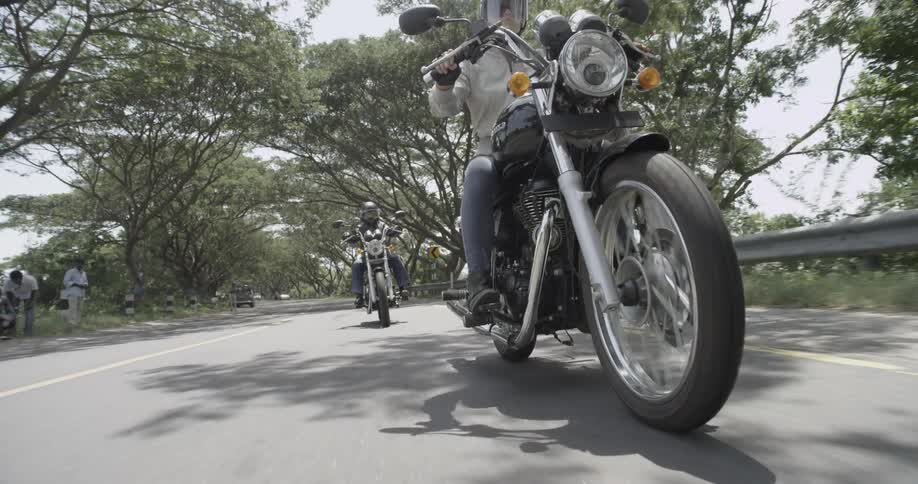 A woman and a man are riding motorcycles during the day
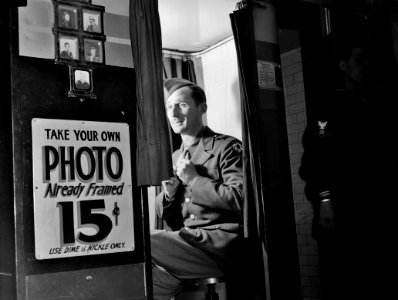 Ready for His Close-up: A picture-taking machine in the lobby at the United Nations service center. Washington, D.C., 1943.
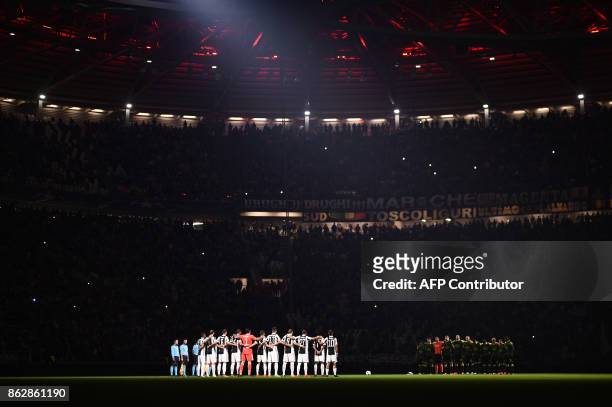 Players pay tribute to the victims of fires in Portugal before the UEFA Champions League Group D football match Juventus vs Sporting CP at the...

* * *

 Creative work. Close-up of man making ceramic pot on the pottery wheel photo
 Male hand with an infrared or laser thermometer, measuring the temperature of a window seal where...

Task directions: Transcribe, word for word, the lines of the listing above from the one that contains "A woman and" through the one that contains "Players pay tribute", keeping both ends and dropping the pictures.

Result for this task:
 A woman and a man are riding motorcycles during the day
 Ready for His Close-up: A picture-taking machine in the lobby at the United Nations service center. Washington, D.C., 1943.
 Players pay tribute to the victims of fires in Portugal before the UEFA Champions League Group D football match Juventus vs Sporting CP at the...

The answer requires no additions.